=== Excerpts from a dataset ===
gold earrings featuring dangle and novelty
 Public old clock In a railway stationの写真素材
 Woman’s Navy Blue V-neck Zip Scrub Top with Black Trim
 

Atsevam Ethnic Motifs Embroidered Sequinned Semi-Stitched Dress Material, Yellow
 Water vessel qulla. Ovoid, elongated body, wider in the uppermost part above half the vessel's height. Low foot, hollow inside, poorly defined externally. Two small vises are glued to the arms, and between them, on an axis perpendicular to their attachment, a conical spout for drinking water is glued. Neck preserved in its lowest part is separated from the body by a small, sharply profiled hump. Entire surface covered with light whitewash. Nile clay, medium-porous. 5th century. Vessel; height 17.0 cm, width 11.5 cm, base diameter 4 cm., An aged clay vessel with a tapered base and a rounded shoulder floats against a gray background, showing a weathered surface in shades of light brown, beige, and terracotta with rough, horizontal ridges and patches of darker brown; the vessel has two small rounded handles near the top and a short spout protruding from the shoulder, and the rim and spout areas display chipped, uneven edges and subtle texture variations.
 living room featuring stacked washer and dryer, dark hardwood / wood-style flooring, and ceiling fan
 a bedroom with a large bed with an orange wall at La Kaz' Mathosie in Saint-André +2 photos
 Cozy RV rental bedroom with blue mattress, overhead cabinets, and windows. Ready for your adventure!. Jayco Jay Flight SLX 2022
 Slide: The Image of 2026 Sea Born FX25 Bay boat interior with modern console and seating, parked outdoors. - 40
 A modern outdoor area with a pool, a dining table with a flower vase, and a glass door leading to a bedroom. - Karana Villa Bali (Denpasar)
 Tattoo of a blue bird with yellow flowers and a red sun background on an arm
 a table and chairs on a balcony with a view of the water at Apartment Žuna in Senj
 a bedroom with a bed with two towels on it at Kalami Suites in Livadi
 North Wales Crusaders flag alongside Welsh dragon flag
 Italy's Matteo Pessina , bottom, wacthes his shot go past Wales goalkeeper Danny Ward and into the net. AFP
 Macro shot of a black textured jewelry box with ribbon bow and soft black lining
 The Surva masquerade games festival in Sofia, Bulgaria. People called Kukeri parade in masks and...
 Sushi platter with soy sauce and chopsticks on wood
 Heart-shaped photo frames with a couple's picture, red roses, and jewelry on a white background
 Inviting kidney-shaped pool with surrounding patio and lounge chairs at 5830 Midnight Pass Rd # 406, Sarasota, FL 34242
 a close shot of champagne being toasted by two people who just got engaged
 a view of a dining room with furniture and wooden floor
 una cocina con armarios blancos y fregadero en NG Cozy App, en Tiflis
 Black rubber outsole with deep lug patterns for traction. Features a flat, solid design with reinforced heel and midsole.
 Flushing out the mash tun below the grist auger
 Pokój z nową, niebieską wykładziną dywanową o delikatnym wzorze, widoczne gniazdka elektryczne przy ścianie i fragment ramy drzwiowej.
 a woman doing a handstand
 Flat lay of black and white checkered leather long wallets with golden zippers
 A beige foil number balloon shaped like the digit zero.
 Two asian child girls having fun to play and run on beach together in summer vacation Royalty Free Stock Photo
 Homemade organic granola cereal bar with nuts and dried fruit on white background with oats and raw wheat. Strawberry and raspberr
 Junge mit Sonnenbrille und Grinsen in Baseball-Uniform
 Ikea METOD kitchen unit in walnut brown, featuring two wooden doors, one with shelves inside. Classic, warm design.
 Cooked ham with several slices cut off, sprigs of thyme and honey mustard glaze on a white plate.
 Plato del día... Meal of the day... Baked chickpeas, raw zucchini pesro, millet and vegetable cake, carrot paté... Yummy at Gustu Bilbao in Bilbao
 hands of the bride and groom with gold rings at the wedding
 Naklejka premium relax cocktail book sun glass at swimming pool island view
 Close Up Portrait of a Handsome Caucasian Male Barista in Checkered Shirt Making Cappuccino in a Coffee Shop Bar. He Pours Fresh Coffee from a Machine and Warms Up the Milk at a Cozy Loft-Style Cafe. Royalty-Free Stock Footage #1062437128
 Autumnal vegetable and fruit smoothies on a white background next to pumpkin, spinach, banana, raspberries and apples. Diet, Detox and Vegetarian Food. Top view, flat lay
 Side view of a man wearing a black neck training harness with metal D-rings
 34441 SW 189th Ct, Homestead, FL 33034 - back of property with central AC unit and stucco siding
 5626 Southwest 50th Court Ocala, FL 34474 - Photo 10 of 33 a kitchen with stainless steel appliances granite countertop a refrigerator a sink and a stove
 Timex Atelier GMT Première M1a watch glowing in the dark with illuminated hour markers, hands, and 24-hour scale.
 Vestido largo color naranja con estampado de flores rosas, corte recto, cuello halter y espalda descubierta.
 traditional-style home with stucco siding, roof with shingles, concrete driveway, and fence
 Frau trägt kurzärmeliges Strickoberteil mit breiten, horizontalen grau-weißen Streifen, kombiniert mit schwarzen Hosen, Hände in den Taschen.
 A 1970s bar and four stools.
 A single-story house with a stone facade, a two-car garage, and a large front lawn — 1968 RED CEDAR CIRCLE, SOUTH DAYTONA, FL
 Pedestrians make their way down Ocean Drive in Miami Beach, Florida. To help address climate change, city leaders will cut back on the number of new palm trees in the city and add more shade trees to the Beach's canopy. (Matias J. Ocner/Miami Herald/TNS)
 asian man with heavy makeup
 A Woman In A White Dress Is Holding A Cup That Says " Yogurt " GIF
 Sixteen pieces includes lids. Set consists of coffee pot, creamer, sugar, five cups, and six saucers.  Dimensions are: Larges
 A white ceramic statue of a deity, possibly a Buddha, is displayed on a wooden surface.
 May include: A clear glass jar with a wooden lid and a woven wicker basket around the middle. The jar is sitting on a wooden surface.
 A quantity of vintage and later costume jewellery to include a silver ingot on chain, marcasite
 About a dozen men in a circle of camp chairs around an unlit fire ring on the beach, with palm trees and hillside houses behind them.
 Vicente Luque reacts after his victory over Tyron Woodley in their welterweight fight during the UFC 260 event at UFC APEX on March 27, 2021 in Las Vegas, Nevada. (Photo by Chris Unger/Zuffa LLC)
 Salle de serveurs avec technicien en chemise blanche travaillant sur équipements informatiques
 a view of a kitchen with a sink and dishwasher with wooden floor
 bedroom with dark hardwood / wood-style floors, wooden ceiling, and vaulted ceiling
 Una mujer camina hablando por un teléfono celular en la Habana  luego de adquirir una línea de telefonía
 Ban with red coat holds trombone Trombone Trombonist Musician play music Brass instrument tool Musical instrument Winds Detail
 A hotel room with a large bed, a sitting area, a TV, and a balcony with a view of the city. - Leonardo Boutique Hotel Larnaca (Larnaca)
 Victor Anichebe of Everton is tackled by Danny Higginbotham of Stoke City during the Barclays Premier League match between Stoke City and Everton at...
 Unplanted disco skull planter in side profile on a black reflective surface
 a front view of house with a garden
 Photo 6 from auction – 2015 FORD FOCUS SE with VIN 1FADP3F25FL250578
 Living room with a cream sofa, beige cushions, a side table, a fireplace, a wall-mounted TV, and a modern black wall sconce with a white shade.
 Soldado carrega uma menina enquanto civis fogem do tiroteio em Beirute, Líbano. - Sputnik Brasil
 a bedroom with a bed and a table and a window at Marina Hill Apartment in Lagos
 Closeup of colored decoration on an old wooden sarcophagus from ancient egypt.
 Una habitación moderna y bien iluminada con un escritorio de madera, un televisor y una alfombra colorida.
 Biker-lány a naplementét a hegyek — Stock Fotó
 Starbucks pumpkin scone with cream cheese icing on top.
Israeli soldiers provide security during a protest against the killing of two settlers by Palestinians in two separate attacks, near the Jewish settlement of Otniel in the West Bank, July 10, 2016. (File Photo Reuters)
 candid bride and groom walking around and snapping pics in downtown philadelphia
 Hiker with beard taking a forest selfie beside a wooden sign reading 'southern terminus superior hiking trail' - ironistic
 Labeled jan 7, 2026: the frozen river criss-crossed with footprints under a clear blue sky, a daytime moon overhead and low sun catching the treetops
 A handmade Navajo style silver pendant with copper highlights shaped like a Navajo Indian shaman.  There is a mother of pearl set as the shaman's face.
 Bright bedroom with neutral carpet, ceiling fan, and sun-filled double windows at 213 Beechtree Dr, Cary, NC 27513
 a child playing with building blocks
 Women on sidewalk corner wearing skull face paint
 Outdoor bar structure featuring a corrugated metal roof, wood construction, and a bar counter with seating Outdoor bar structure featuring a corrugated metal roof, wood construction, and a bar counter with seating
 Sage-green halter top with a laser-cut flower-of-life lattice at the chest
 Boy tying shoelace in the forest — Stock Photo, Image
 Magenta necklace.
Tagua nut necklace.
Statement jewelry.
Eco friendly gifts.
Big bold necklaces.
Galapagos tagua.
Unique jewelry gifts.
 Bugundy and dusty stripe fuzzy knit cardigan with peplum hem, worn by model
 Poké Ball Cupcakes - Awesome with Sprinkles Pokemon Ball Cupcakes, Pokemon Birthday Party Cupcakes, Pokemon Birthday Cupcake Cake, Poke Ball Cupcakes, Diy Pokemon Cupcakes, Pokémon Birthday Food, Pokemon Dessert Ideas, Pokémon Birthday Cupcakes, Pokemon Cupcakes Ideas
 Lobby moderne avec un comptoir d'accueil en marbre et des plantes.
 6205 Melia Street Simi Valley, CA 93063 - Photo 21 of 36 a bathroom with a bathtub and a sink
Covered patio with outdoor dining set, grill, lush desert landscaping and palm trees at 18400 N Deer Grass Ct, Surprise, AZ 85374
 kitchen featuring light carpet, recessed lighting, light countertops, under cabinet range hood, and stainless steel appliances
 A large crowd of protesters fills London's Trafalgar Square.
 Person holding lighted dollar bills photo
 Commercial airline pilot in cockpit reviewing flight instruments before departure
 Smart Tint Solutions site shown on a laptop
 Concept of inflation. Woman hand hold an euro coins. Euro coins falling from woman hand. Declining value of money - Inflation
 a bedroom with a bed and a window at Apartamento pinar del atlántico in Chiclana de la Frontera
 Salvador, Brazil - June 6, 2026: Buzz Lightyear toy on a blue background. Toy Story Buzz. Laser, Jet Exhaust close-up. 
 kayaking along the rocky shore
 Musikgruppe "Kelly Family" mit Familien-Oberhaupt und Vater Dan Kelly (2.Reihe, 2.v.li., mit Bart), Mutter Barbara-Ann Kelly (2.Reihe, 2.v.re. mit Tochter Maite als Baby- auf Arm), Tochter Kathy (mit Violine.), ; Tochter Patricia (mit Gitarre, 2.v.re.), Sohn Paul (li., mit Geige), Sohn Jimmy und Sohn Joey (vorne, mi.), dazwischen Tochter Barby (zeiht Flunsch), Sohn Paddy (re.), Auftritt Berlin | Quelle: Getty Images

=== PROMPT ===
Within the data above, the lines from the one with "A single-story house" to the one with "Sixteen pieces includes" must be repeated exactly; no other line belongs in the answer.

=== THE ANSWER ===
 A single-story house with a stone facade, a two-car garage, and a large front lawn — 1968 RED CEDAR CIRCLE, SOUTH DAYTONA, FL
 Pedestrians make their way down Ocean Drive in Miami Beach, Florida. To help address climate change, city leaders will cut back on the number of new palm trees in the city and add more shade trees to the Beach's canopy. (Matias J. Ocner/Miami Herald/TNS)
 asian man with heavy makeup
 A Woman In A White Dress Is Holding A Cup That Says " Yogurt " GIF
 Sixteen pieces includes lids. Set consists of coffee pot, creamer, sugar, five cups, and six saucers.  Dimensions are: Larges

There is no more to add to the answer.